Data Protection: Know Where Your Data Is
The first part of data protection is to know where your data resides. Assume it already left the barn, but where is it? We could probably assume that some is outside our hands (legally and jurisdictionally) but nonetheless could be available to us. For example, our phone book could be in any one of these places (and probably many more):
- SaaS CRM
- SaaS email
- SaaS document sharing/repository
- Cloud-based storage facility
- IaaS instance of groupware
- Individual contributors’ desktops
Once we find out where our data resides, we need to understand if all the data is available to be reconstituted or if we need another mechanism to store the data.
Data Protection: Is Our Data Protected?
In many cases, our data may be so split apart that we may not understand if it is all there, and if that is the case, then the data is not entirely protected. To ensure this does not happen, traditional data protection tools use checksums for comparison. This type of integrity check is crucial to determining if the data is actually protected. But more to the point, our definition of “protected” is also changing. Just storing data for restoration is no longer “de rigueur”; we are now required to have that data someplace where it is actually usable within moments, or perhaps is in sync with the primary location. This way, the data is always available for use regardless of state. If we had to reclaim all the bits of data stored around the users’ devices, this reclamation would take time, there would be holes in our data, etc. That is, unless the data protection tool incorporates all these bits into the mix and the recovery time is acceptably low.
What is missing is an understanding of whether our data is actually protected, not just a few assumptions based on where our data could have possibly ended up. Into this gap has been launched a new breed of analytics tools that tie into traditional backup tools to determine a) if data has been backed up and b) whether recovery will meet our goals.
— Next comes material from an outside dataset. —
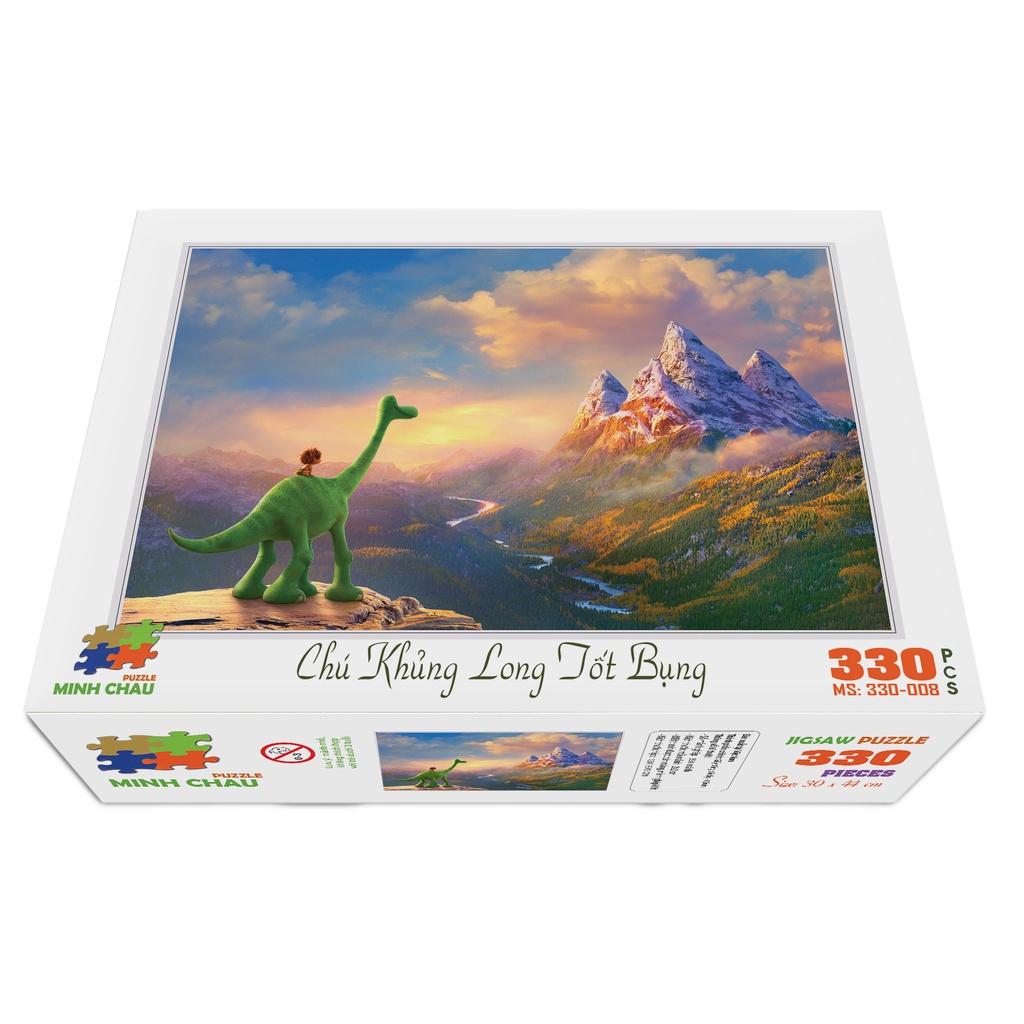 Bộ ghép hình hộp 330 mảnh-Chú Khủng Long Tốt Bụng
I would like to see covered in such tools the data sharding that happens on a regular basis. Data sharding happens within large-scale databases to ensure quick response time, but can we recover from these shards to the full set of data? Today, I do not see that in use.
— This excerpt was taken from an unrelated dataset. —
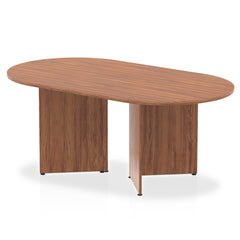 Dynmanic Impulse W1800 x D1000 x H730mm Boardroom Table Panel Arrowhead Leg Walnut Finish - I003409 DD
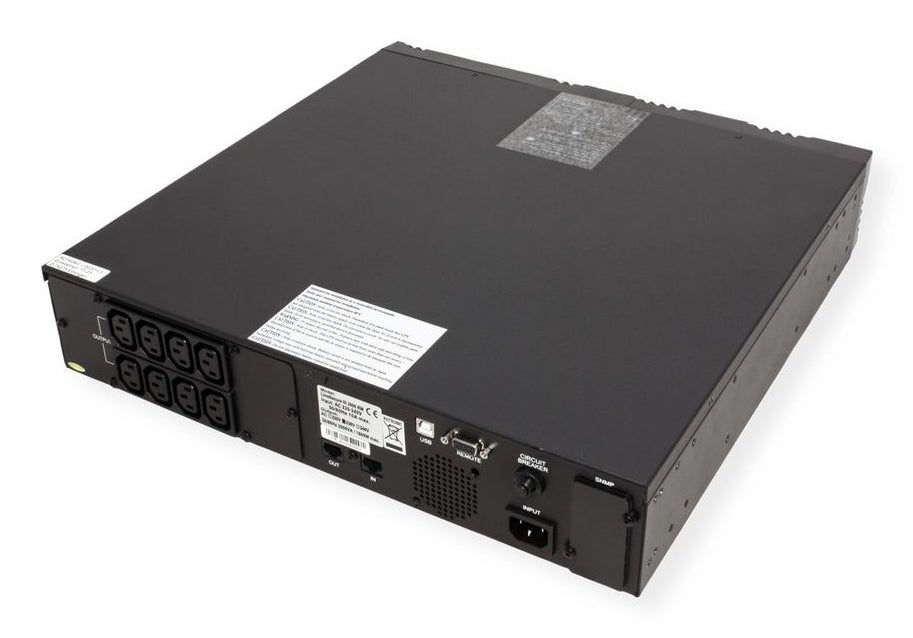 ROLINE LineSecure III 2000R USV 2,0 kVA/1600 W Line-Interaktiv – 2U Rack – C13×8 – Eingang IEC C14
Data sharding is a major component of the secure hybrid cloud today: not a great component, but one that happens whether we know it or not. We need tools that can incorporate this to determine if the shards can be captured once more to recover the critical data of the organization. If they can, then we have one more tool in our data protection toolbox. But we also need to determine where each shard resides, what is in each shard, and how those shards can be reconstituted.
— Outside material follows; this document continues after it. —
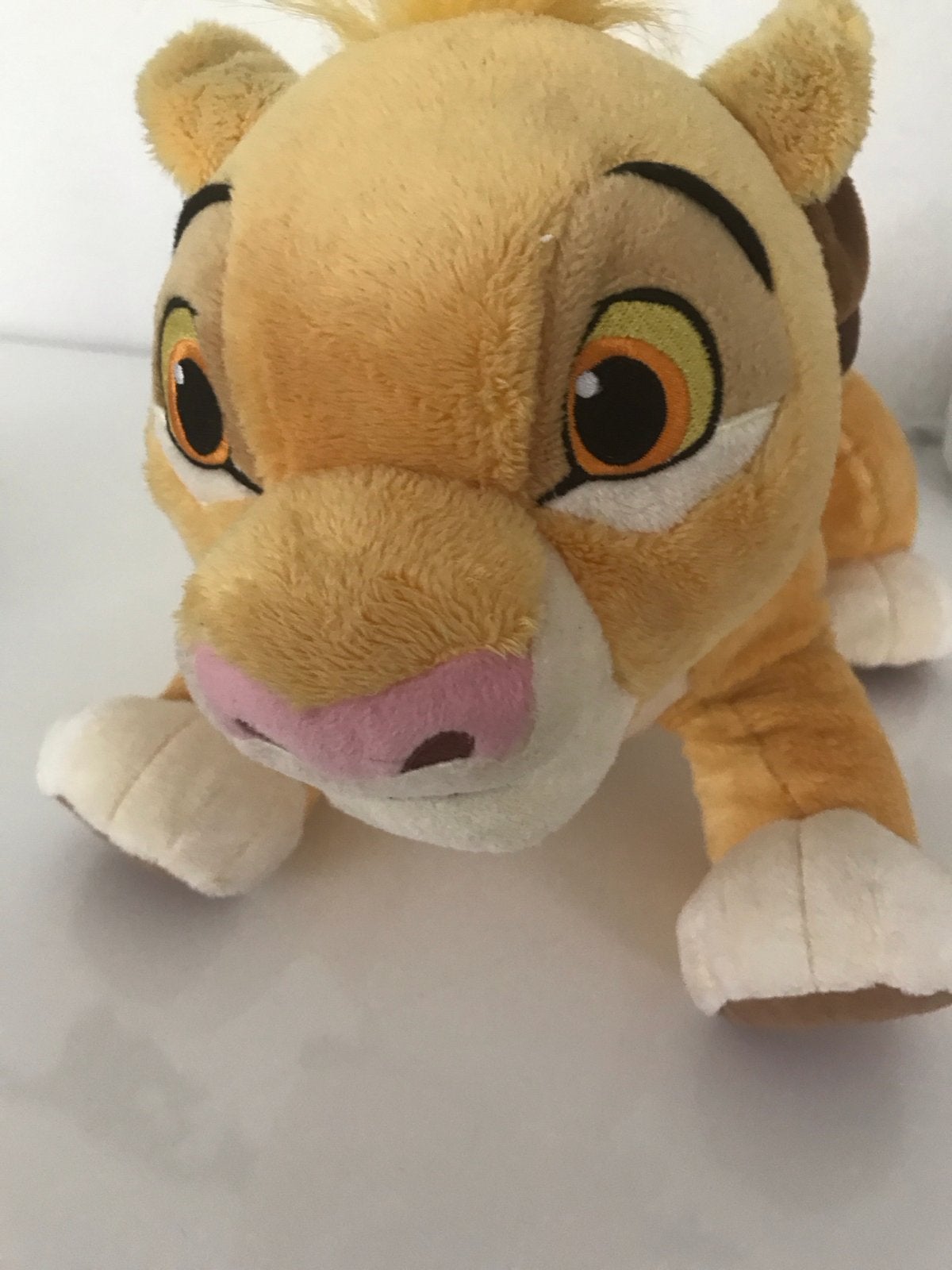 Disney Simba knuffel uit De Leeuwenkoning, Oranje, Disney, Ophalen of Verzenden, Zo goed als nieuw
This sounds like a big data problem to me. Neverfail has a start on this with their IT Continuity Architect, which determines what data has been backed up using traditional virtual and physical data protection tools. Employing such a tool will give you a clear picture from a traditional sense of whether all your data is protected or not. The future of data protection and such tools should include the concept of data sharding and recovery of all those shards to reconstitute the whole. This could in effect reuse storage instead of adding even more storage purely for data protection.
Do you know where all the shards of data are within your organization? Can you recover them?